Recently, several studies based on genomic sequences have identified new Mycobacterium leprae-specific proteins or peptides that could be suitable for leprosy serodiagnosis. The rational is to find additional Mycobacterium leprae antigens that could be used with the PGL-I antigen to enhance its specificity and, particularly, its sensitivity for PB leprosy, providing an improved diagnostic tool for leprosy control programs. Different studies have evaluated the immunoreactivity of several Mycobacterium leprae recombinant proteins in leprosy patients and controls. Mycobacterium leprae recombinant proteins ML0308, ML1553, ML2177, ML2498, ML0410, ML1053, ML1055 and ML1056 were tested with sera from Korean leprosy patients and healthy endemic controls and ML0308 showed the best reactivity5. A panel of Mycobacterium leprae recombinant proteins, including a fusion protein ML0050-ML0049, ML0091, ML0317, ML0405, ML2028, ML0568, ML1213, ML2055, ML2655, ML0097, ML1812, ML2331 and ML2496 was tested among Filipino MB leprosy patients, tuberculosis patients (TB) and endemic controls (EC): ML0405 and ML2331 were the most reactive28. ML0678, ML0757, ML2177, ML2244 and ML2498 were demonstrated to be strong B cell epitopes, when tested among tuberculosis patients, household contacts and leprosy patients from Mali and Bangladesh1.

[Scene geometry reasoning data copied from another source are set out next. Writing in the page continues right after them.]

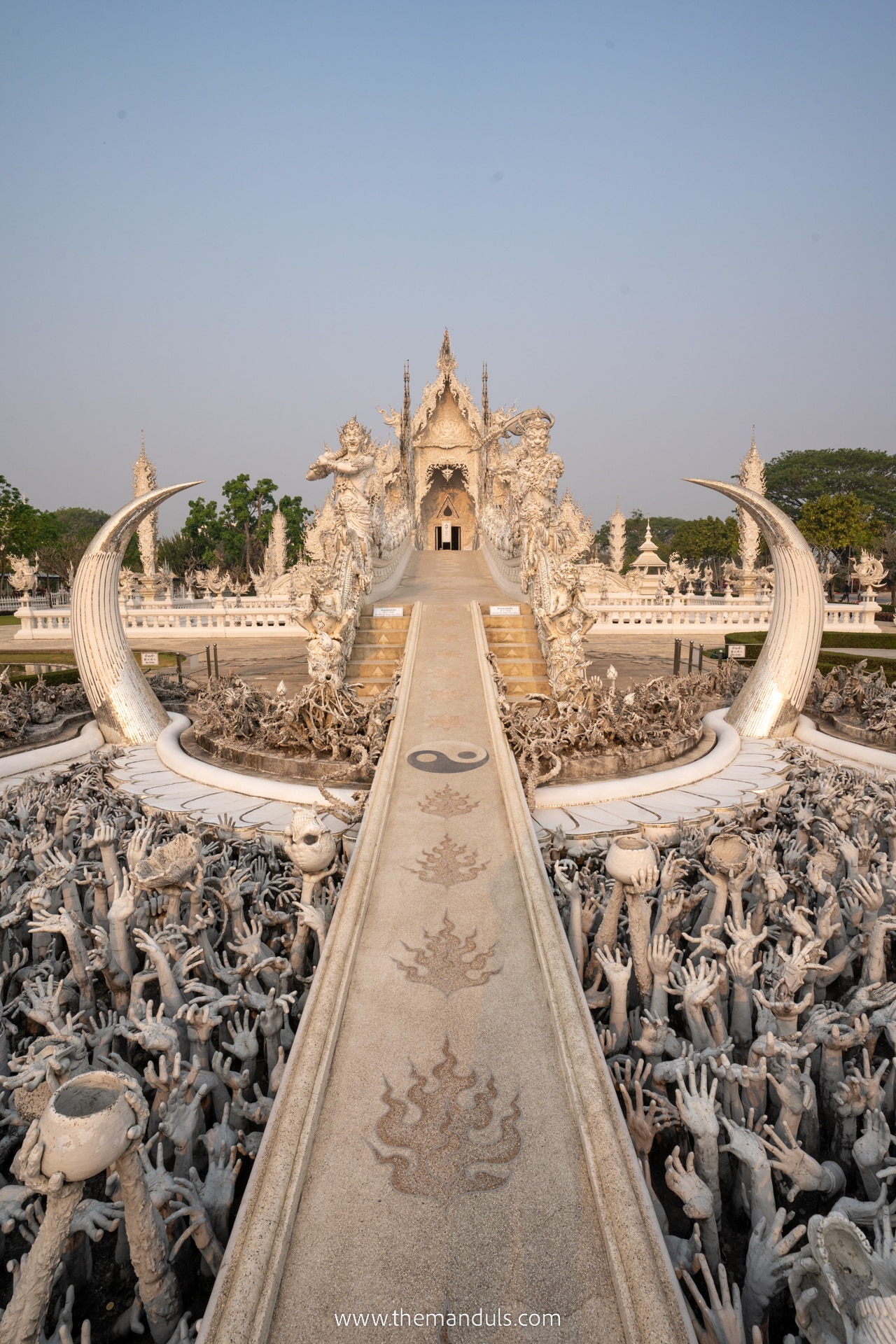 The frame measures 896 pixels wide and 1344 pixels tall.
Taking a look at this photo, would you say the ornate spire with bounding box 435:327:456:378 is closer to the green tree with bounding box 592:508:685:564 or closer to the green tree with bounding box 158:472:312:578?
the green tree with bounding box 158:472:312:578

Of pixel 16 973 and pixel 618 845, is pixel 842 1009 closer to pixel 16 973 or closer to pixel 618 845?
pixel 618 845

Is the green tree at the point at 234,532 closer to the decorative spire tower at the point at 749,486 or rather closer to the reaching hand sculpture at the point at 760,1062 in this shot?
the decorative spire tower at the point at 749,486

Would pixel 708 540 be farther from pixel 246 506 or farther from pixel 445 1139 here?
pixel 445 1139

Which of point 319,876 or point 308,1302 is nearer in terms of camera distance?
point 308,1302

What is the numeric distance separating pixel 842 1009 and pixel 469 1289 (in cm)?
233

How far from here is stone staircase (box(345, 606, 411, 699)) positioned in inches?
356

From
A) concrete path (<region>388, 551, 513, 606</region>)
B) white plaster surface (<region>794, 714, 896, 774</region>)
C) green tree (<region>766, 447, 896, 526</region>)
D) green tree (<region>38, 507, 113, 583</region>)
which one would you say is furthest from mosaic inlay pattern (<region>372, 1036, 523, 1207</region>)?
green tree (<region>766, 447, 896, 526</region>)

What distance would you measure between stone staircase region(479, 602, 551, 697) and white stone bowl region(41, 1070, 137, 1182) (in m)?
6.87

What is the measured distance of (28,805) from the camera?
5.85 meters

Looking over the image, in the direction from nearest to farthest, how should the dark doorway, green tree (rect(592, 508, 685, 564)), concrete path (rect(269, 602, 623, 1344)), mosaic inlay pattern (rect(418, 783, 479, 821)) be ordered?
concrete path (rect(269, 602, 623, 1344)), mosaic inlay pattern (rect(418, 783, 479, 821)), the dark doorway, green tree (rect(592, 508, 685, 564))

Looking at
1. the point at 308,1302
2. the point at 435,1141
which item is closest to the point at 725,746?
the point at 435,1141

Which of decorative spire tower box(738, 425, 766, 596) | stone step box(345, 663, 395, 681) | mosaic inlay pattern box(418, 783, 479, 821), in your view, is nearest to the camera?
mosaic inlay pattern box(418, 783, 479, 821)

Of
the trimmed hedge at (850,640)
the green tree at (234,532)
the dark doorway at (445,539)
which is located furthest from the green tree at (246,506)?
the trimmed hedge at (850,640)

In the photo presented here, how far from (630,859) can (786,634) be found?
5911 millimetres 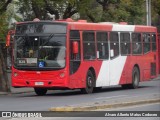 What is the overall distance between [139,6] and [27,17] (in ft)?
33.9

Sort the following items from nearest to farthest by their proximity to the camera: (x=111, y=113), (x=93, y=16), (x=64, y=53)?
1. (x=111, y=113)
2. (x=64, y=53)
3. (x=93, y=16)

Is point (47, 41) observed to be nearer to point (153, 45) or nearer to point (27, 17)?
point (153, 45)

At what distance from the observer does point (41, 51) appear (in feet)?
83.3

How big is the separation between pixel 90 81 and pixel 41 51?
2826 millimetres

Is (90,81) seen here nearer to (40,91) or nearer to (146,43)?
(40,91)

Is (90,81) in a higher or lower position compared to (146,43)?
lower

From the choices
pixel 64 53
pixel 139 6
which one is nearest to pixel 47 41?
pixel 64 53

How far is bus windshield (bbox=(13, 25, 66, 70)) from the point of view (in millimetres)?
25250

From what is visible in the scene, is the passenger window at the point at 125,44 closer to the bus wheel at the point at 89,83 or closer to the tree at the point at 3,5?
the bus wheel at the point at 89,83

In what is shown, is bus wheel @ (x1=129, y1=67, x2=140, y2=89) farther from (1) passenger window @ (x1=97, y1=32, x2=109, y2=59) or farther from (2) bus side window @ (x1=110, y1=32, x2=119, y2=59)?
(1) passenger window @ (x1=97, y1=32, x2=109, y2=59)

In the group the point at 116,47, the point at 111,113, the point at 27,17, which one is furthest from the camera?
the point at 27,17

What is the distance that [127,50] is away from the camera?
99.2 ft

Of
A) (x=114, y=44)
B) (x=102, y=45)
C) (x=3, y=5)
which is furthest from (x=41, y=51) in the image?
(x=3, y=5)

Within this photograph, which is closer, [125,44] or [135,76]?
[125,44] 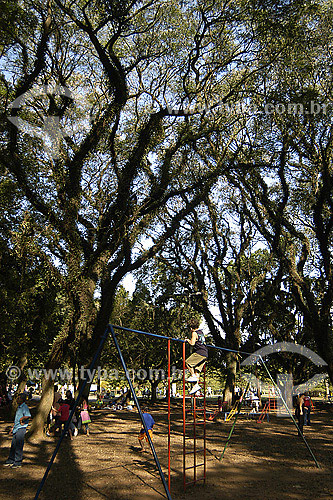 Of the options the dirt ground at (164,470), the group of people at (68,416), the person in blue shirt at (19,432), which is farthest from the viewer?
the group of people at (68,416)

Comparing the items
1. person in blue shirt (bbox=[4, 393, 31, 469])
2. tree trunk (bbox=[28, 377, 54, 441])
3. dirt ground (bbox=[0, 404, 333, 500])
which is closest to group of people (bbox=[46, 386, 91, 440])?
tree trunk (bbox=[28, 377, 54, 441])

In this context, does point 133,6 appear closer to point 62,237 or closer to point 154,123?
point 154,123

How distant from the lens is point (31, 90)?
15.9 metres

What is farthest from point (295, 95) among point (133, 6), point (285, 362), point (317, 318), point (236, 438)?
point (285, 362)

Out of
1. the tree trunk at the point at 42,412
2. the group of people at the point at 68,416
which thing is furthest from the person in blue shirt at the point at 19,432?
the tree trunk at the point at 42,412

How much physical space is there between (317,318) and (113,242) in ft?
26.6

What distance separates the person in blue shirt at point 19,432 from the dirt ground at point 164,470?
258 mm

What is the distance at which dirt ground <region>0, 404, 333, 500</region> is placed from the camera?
8016mm

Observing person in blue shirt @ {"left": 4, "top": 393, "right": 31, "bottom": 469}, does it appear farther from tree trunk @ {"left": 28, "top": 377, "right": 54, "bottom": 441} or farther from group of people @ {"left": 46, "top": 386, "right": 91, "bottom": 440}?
tree trunk @ {"left": 28, "top": 377, "right": 54, "bottom": 441}

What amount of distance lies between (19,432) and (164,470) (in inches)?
140

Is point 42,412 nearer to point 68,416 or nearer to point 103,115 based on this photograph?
point 68,416

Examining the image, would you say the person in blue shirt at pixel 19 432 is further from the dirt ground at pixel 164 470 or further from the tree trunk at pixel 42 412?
the tree trunk at pixel 42 412

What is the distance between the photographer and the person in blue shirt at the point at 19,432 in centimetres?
923

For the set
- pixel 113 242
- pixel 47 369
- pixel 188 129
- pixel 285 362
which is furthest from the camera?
pixel 285 362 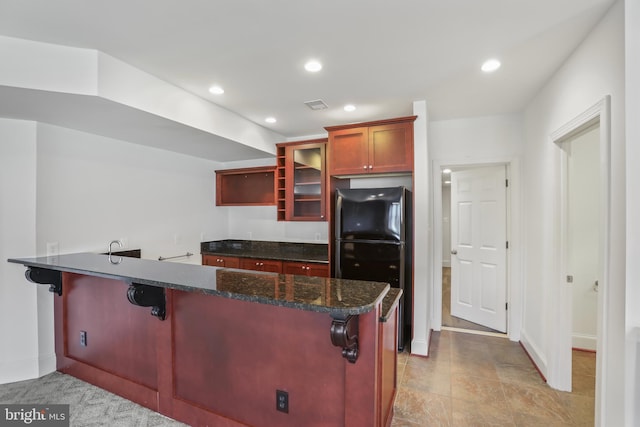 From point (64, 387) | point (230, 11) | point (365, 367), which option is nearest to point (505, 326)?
point (365, 367)

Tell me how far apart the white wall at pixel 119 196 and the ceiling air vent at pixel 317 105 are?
1.99 m

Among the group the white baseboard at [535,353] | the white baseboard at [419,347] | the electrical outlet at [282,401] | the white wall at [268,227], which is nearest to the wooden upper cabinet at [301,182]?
the white wall at [268,227]

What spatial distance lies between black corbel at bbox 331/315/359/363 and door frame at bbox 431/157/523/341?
239cm

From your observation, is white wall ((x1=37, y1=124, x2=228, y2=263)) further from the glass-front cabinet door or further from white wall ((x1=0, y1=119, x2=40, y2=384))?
the glass-front cabinet door

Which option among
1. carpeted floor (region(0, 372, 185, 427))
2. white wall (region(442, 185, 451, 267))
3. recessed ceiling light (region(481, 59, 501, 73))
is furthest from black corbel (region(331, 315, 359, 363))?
white wall (region(442, 185, 451, 267))

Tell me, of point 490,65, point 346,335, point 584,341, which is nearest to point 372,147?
point 490,65

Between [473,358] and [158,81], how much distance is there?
3.84 metres

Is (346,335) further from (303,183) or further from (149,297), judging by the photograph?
(303,183)

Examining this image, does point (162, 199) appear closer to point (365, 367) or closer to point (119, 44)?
point (119, 44)

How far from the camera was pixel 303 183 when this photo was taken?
386 centimetres

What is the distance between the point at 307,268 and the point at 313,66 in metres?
2.21

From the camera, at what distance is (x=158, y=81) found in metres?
2.40

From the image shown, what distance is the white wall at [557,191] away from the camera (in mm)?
1556

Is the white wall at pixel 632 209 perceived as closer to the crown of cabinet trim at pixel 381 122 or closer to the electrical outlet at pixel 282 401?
the crown of cabinet trim at pixel 381 122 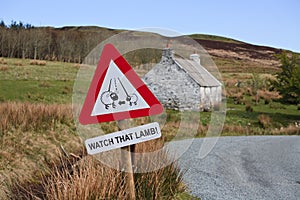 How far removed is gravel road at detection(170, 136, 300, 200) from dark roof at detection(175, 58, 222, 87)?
1544cm

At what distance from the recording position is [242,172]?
852cm

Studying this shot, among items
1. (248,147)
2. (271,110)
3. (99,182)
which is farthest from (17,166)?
(271,110)

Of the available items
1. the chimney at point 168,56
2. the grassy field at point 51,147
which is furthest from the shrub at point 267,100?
the chimney at point 168,56

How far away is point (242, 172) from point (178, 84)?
64.5 feet

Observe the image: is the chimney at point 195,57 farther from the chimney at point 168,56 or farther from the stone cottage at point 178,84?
the chimney at point 168,56

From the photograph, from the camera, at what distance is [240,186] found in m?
7.17

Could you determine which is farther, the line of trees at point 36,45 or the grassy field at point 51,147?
the line of trees at point 36,45

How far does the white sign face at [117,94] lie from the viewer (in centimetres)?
370

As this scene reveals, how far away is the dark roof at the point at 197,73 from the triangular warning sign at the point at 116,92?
23.6 meters

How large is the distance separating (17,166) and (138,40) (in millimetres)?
5113

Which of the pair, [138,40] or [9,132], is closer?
[138,40]

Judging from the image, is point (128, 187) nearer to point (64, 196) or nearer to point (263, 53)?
point (64, 196)

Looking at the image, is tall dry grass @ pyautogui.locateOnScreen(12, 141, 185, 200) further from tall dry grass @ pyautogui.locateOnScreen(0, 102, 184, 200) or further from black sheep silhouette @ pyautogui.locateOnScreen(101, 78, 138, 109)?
black sheep silhouette @ pyautogui.locateOnScreen(101, 78, 138, 109)

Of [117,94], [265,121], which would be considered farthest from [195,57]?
[117,94] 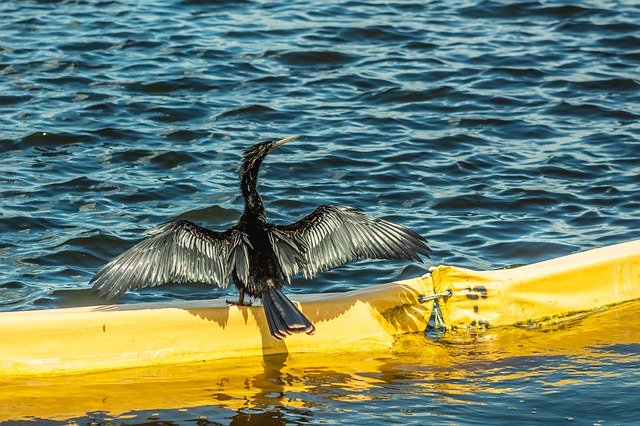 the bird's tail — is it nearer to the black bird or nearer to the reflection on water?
the black bird

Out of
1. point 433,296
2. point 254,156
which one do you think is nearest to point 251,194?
point 254,156

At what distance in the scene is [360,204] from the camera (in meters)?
9.55

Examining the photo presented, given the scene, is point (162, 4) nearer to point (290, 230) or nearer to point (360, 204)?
point (360, 204)

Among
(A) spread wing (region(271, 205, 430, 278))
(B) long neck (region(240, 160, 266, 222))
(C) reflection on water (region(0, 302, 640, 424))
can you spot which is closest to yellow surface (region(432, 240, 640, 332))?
(C) reflection on water (region(0, 302, 640, 424))

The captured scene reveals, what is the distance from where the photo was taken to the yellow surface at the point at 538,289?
6770 mm

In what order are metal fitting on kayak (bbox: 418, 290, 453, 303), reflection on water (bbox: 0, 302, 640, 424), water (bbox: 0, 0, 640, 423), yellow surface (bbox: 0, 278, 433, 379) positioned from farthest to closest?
1. water (bbox: 0, 0, 640, 423)
2. metal fitting on kayak (bbox: 418, 290, 453, 303)
3. yellow surface (bbox: 0, 278, 433, 379)
4. reflection on water (bbox: 0, 302, 640, 424)

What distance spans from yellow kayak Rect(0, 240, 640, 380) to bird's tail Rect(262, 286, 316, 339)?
0.37 metres

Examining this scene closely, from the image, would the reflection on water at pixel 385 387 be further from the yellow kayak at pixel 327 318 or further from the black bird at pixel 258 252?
the black bird at pixel 258 252

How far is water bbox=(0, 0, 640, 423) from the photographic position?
830 cm

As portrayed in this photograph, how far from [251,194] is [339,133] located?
15.2 feet

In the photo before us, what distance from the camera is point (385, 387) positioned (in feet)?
20.1

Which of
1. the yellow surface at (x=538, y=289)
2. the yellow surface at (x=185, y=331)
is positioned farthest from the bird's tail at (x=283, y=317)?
the yellow surface at (x=538, y=289)

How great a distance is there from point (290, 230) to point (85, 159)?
422 centimetres

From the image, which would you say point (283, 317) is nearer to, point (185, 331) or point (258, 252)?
point (258, 252) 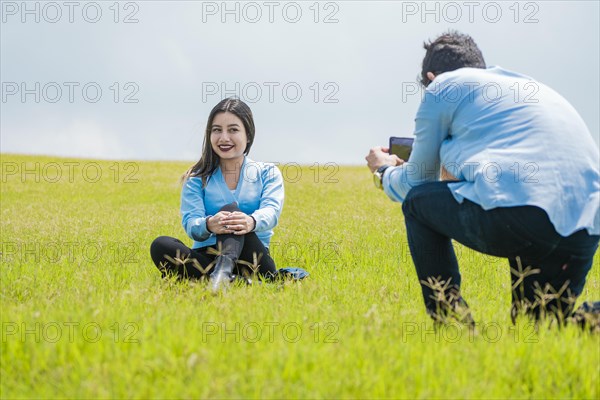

In collaboration with IDRI-Infectious Disease Research Institute (Seattle, USA), our research group tested the seropositivity of ML0091, ML0405TR (without transmembrane region), ML1633, ML2055, ML2331, ML2346 and ML1556 among PB and MB Brazilian leprosy patients, TB, HHC and EC. These antigens were also tested in Filipino leprosy patients and controls. ML2331, ML0405TR, ML2055 and ML0091 were the best immunoreactive antigens identified among Brazilian leprosy patients11. In general, the results indicated that MB leprosy showed the highest seropositivity and that few PB patients were seropositive. Different serological patterns were observed among patients from Brazil and the Philippines, suggesting that differences in HLA or in Mycobacterium leprae strain antigens may play a role in immunogenicity. However, independent of the geographical location, leprosy patients serologically recognized ML0405 and ML2331. LID-1, a new single fusion molecule with ML0405 and ML2331 constructed by IDRI, retained immunoreactivity, suggesting potential diagnostic application, especially for early disease11. In order to improve assessment of the diagnostic potential of new Mycobacterium leprae proteins, it will be necessary to test them in multicentric, multicountry studies.

Microarray technology represents another strategy for identifying novel diagnostic antigens. Arrays constructed with proteins isolated from either the cell wall or membrane of Mycobacterium leprae or with unique Mycobacterium leprae recombinant proteins (ML0008, ML0957, ML1419, ML1157, ML1877, ML1829, ML0126, ML0396, ML1915, ML0050) were constructed. This approach identified different humoral immune response patterns among tuberculoid and lepromatous patients19.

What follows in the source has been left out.